Gezi ile beraber muhafazakar kesimle ilgili öğrendiklerim
.
- “Endişeli modernler”den daha çok “endişeli muhafazakar” varmış meğer. Muhafazakarların büyük bir kısmı, 28 Şubat travmasından kurtulamamış daha.
- Altlarındaki zeminin kayıp gidivereceğine, yine o kara günlere dönüleceğine dair tahmin ettiğimin çok ötesinde kaygıları, korkuları varmış.
- Başbakan’a edilmiş her lafı, her eleştiriyi direkt kendilerine yapılmış sayıyorlar. Başbakan’ın yönetim biçimine yapılmış bir eleştiriyi bütün süzgeçleri kaldırıp İslami yaşam biçimine, İslami değerlere, muhafazakar aile yapısına yapılmış addediyorlar. Başbakana eleştiriyi veya hakareti şahsi alıyorlar. “Bana karışma Başbakan!” sözünden bile “karışmasın ve sen bizi tepele öyle mi?” mesajını çıkartıyorlar.
- “Modern”lerin veya hadi “laikçiler”in diyelim, bu on yıl zarfında bir hayli değiştiğini fark etmemişler. “Aramızda türbanlı istemiyoruz” diyenlere uzun zamandır çatlak veya bunak muamelesi yaptığımızı anlamamışlar.
- Seküler kesim, sandıklarının tersine başörtülülere çoktan alıştı. Bakın sevdi, bağrına bastı demiyorum, alıştı diyorum. Alışmaktan öte muhafazakârların giyimlerini kuşamlarını, şairlerini, yazarlarını, gittikleri mekânları ilgiyle izler oldu. (Başörtülü görmeye bir tek Gülriz Sururi alışmadı! Ama onunla biz de dalga geçtik)
- “Huzur Sokağı” kitabı dizisiyle dalga geçmiştim ve en muhafazakâr bile bu kadar saf olamaz. 1968’de yazılmış “dindarların tümü iyi yürekli ve ahlaklıdır/ dindar olmayanların tümü kötü yürekli ve ahlaksızdır” klişesine itibar etmez demiştim ama Gezi’den sonra okuduğum yazılardan, başbakanın tepkisinden, bana gelen tweet ve maillerden durumun öyle olmadığını esefle fark ettim. “Siz kaymak tabaka! Siz her halükarda mutlusunuz!

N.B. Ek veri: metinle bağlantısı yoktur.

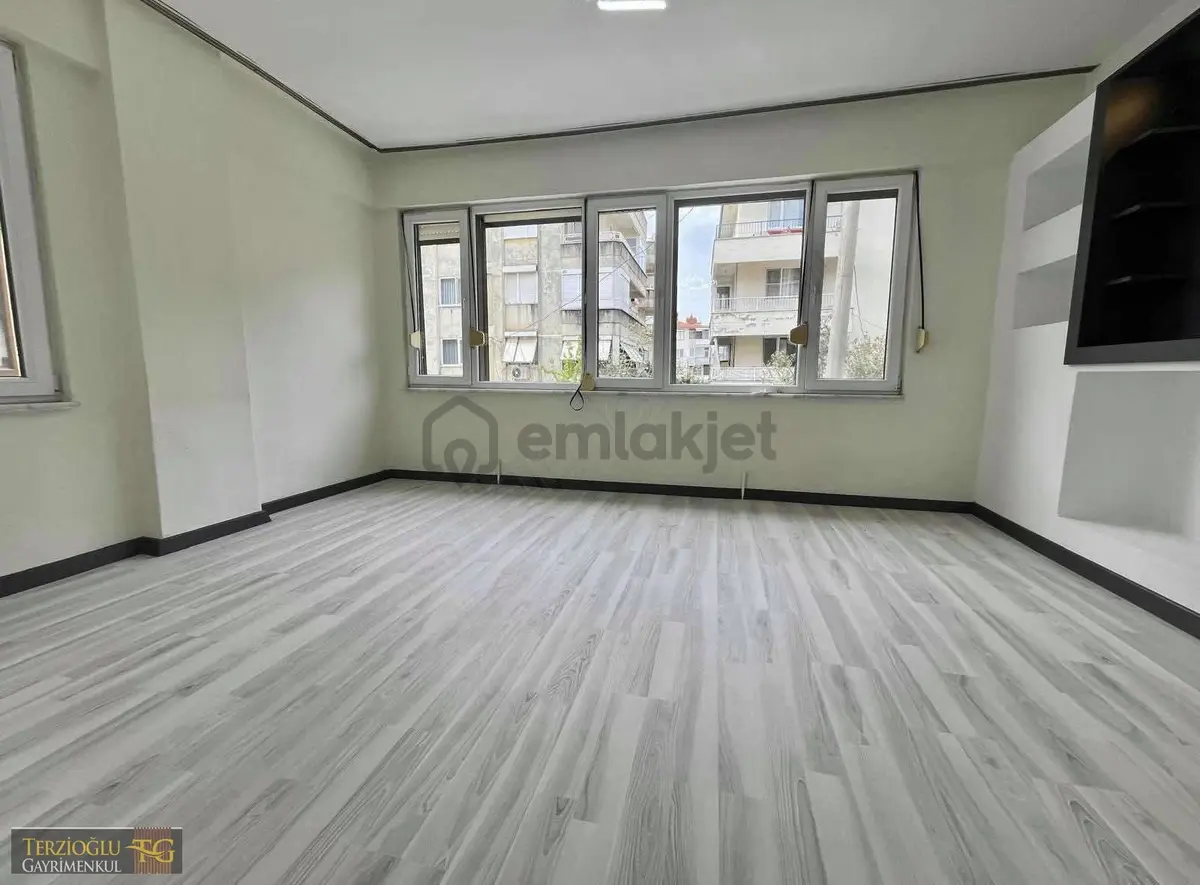 Terzioğlu'ndan Denize 200 Mt Full Yapılı Ara Kat Ön Cephe 2+1 Da - 3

Fakirin fukaranın dindarın derdini dinliyor, onu kalkındırıyor diye mi bu kıskançlık?” bana en çok gelen tweetlerden. (“Endişeli Fukara” sayısı da bir hayli fazla anlaşılan ve “endişeliler” arasında tek anlayacağım kesim de onlardır bu arada.)
- Endişeli Muhafazkar’ın kaygılarını anlamakla beraber büyük bölümünün zalimin yanında durması beni çok üzdü. Kabataş’ta eylemcilerin saldırısına uğrayan başörtülü kadın ve yine saldırıya uğrayıp bebeğini düşüren kadın için derinden üzülüp ama polis kurşunu veya kapsulü veya tekme tokadıyla ÖLEN, tekrar ediyorum ölen 4 kişi, kolu bacağı kırılan yüzlerce, gözü çıkan onlarca, ciğeri sökülen, burnundan kan gelen binlerce kişi umurlarında bile olmadı. Kimi inkâr yoluna gitti kimi alenen dalga geçti. Herkesi bir tutup, sokağa çıkanları yakıp yıkan vandallar olarak görmek işlerine geldi.
- Yeni Şafak’ta yazan Özlem Albayrak Gezi Direnişçileri için “Kindar Kemalistler” dedi geçen günkü yazısında. Halbuki yazısının sonlarına doğru anladım ki ortada “Kindar Kemalist”den ziyade çok ürkütücü bir “Kindar Muhafazakar” kitlesi var. Halbuki sokağa çıkanların en az çeyreğinin ana babası AKP’ye oy vermiştir.
- Yandaş medyanın kötülük cehennemin kuyusuna düşme hızı 28 Şubat’taki TSK’cı medyayı fersah fersah solladı.